Whoever planted our olives went for a mixture of varieties, which we’re told is a sure-fire way to a superior-quality olive oil. It also presents interesting possibilities for first-time curing experiments. We have small, green olives, fat brown examples and two sizes of glossy black fruit. I picked about 10 kilos of each. A trip to the nearest DIY store yields a trio of cheap, plastic bins with hinged lids. These are intended for recycling, so the lids come colour-coded conveniently in grey, green and brown.

As I write the three batches have passed through the freshwater stage and are skulking in the darkness of their first salt water immersion. Of course salt makes them float at the surface, where evil, oxidising air lurks. If you use a round vessel for your curing you can trap the fruit underwater with a plate. If you use recycling bins, which inconveniently are largely rectangular, you have to improvise with cling film. Noting the hint about alkalising green olives, I liberated a rather manky old box of sodium bicarbonate from the kitchen and emptied it into the green fruit's initial brine.

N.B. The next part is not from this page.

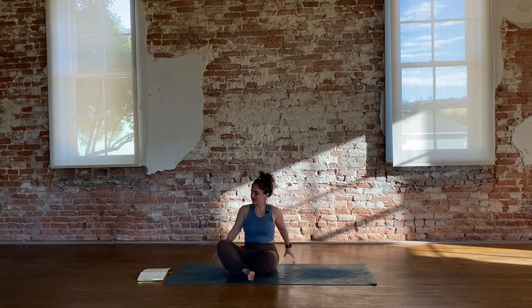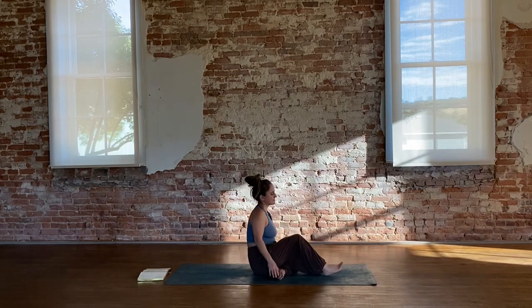Hi friends and welcome to today's short practice. Today we will be giving some love to that sassy upper and mid back. So let's go ahead and get started on our backs.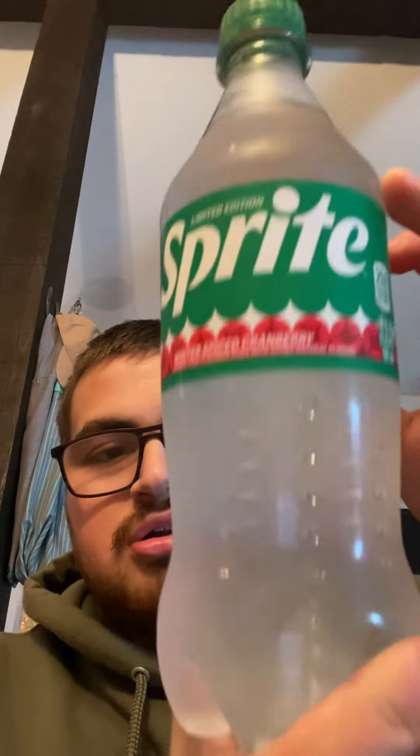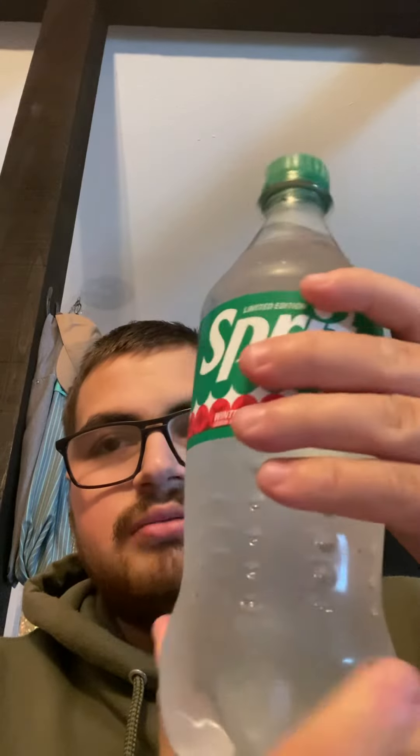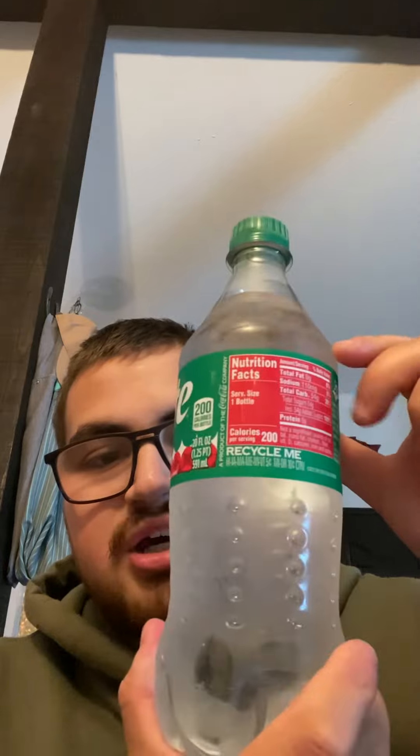So yeah, this is what this limited edition Sprite looks like. This is the bottle — there we go — so you guys can see it has 200 calories. I'll show you the back and then the nutrition facts.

It was as I filled the bins with water for the first time that I recalled some amazing olives bought in Sainsbury’s last year. Moroccan in origin, they claimed to be salt-cured. They were dark, squidgy and required a desalinating dip in water before you ate them. This isn’t quite Morocco, but we have black olives. I picked a batch of both small and large black fruit and researched the matter. Packed in jars with sea salt around them, apparently these will keep on getting better. The salt leaches the excess moisture and bitterness from the olives, apparently.

Of course the only other ingredients in these recipes are a cool, dark place to keep the produce and what feels like almost infinite patience. The olives in brine might not be ready until around Christmas time, and I have absolutely no idea when those under salt might be at their peak. I will know, my Internet sources tell me cryptically. Once they are ready they can be stored in brine or salt respectively, or kept in jars under olive oil and flavourings such as bay and chilli. What stops me pacing the cantina floor until this point is exactly what keeps Italians from getting itchy fingers. Apart from those employed to restock supermarket shelves with salt. There are 38 piante out there that now need picking in order to provide the necessary oil.